The observation times can be supplied in two mutually exclusive ways:

through Times, as above, when the measurements are taken at arbitrary (possibly irregular) times; the domain of each subject is then taken as its largest observed time;
through M_grid, a vector of length N with the domain length of each subject, when the measurements are equidistant; in that case the grid of subject i is seq(0, M_grid[i], by = 1 / Hz), where Hz is the sampling rate.

Only one of the two should be provided. In this vignette we use Times.

Estimation

The analysis is run with mfpca_vd. The main arguments are the number of multivariate components to keep (m_npcs), the number of univariate components retained per variable (u_npcs), the dimension of the basis used to smooth the score covariances along the domain (k_m), and the smoother (model_type, either "gam" or "sop").

res <- mfpca_vd(
  Data  = Data,
  Times = Times,
  m_npcs = 3, u_npcs = 4, k_m = 8
)

The result is a list. The most relevant elements are scores_m and efunctions_m (the multivariate scores and eigenfunctions), scores_u and efunctions_u (their univariate counterparts), evalues_u and evalues_m (the eigenvalues), var_u (the cumulative variance explained by the univariate components), mean_model (the fitted mean of each variable) and M_grid (the domains used).

str(res, max.level = 1)
#> List of 10
#>  $ scores_m    : num [1:60, 1:3] -5.32 2.41 4.5 -4 1.01 ...
#>  $ efunctions_m:List of 60
#>  $ efunctions_u:List of 2
#>  $ scores_u    : num [1:60, 1:8] -5.07 4.02 -3.25 -6.35 1.1 ...
#>  $ evalues_u   :List of 2
#>  $ evalues_m   :List of 60
#>  $ var_u       :List of 2
#>  $ mean_model  :List of 2
#>  $ M_grid      : num [1:60] 11 12.5 13.7 11.2 15.5 ...
#>  $ argvals_u   :List of 2
#>  - attr(*, "class")= chr "mfpca_vd"

Eigenfunctions

Because the domain changes across subjects, the eigenfunctions are not single curves but families of curves indexed by the domain length. A convenient way to look at them is to draw a given component at a few fixed domains, superimposed as lines. The plot method does this for the chosen variable and components; the sign of each curve is aligned so that they overlay consistently.

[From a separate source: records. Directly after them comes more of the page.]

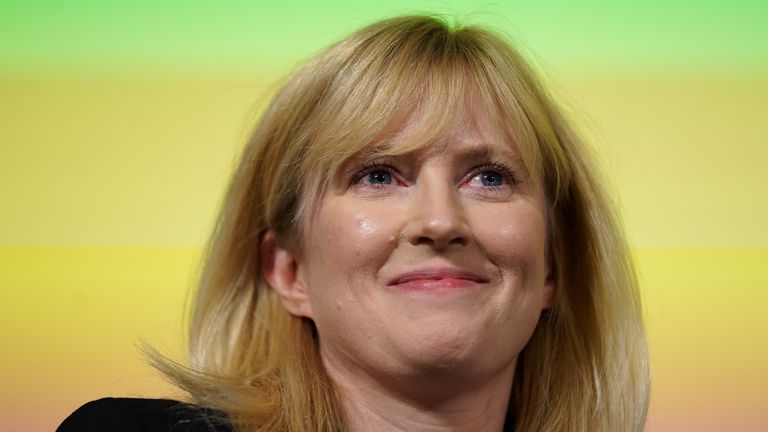 Canterbury MP Rosie Duffield quits Labour - criticising Sir Keir Starmer in resignation letter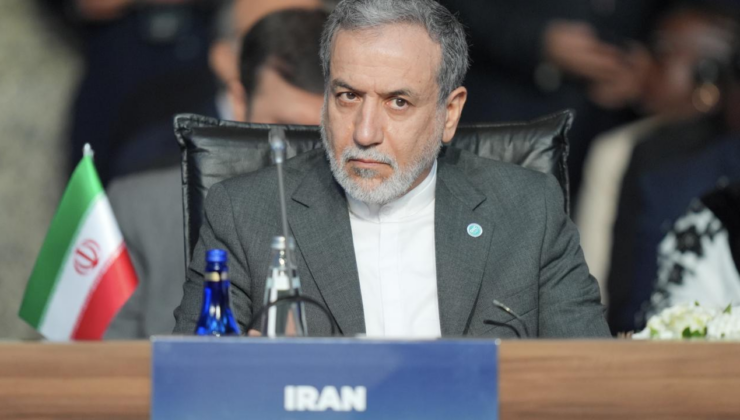 Arakçi: İsrail saldırmazsa biz saldırmayız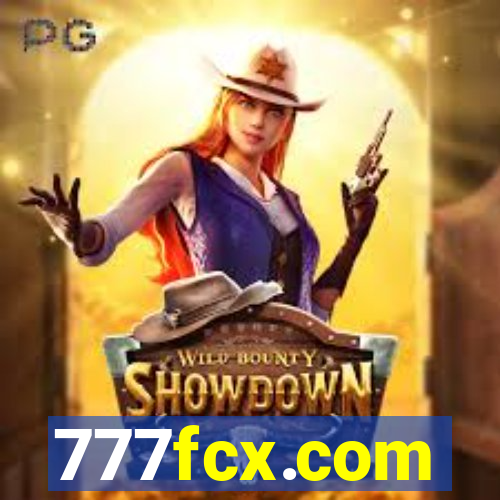 777fcx.com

plot(res, type = "eigenfunctions", variable = 1, components = 1:2)

Each line is the eigenfunction evaluated on the domain of a subject, so longer domains produce longer curves. Comparing the curves shows how the shape of the mode of variation changes as the follow-up gets longer.

The full picture across all domains is shown as a heatmap, with time on the horizontal axis and the domain length on the vertical axis (ordered from shortest at the bottom to longest at the top). The color encodes the value of the eigenfunction, and the triangular shape reflects that each domain only reaches its own length.

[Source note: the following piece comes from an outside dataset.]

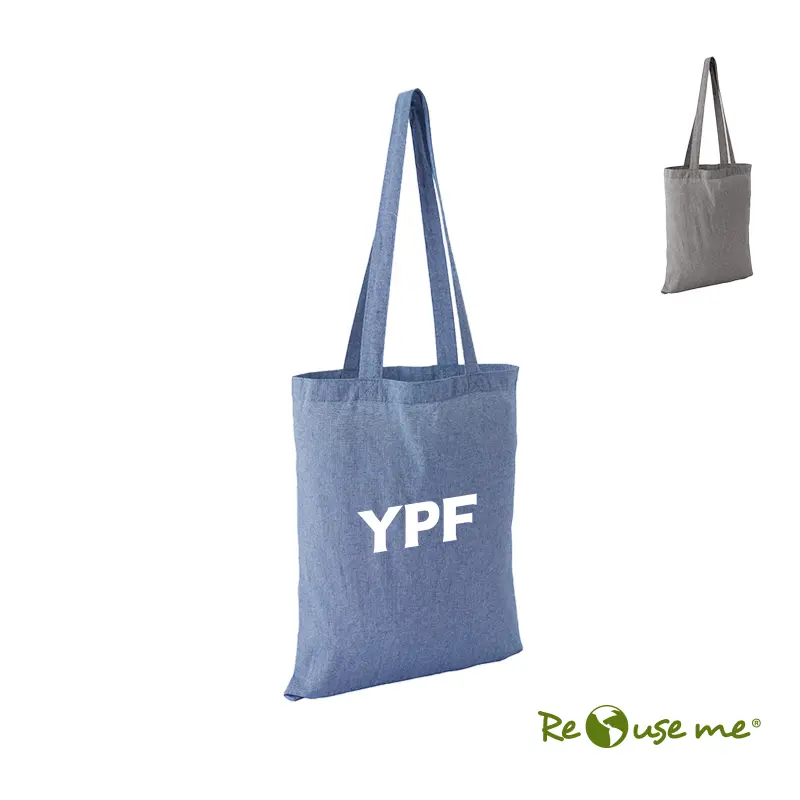 [99030777265] Tote Bag Tide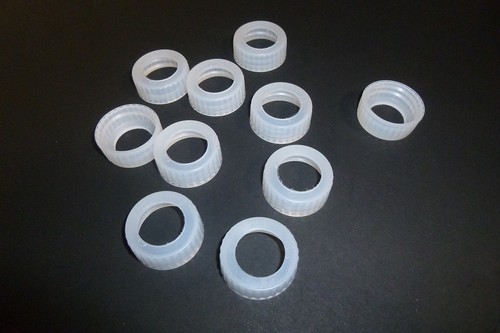 PRINCE CASTLE 136-35 o 136-3 RETENEDOR (PK/10) NUEVO - REPUESTOS OEM - Imagen 2 de 2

plot(res, type = "heatmap", variable = 1, components = 1)

Scores

The multivariate scores summarize each subject in a small number of values. They can be displayed colored by domain length, which is useful to check whether the scores are associated with the follow-up length or capture other features of the data.

plot(res, type = "scores", components = 1:2)

A different functional variable is shown by changing the variable argument, and further components with the components argument.

References

Hernandez-Amaro et al. (2026). Variable Domain Multivariate Functional Principal Component Analysis. doi:10.48550/arXiv.2605.03633.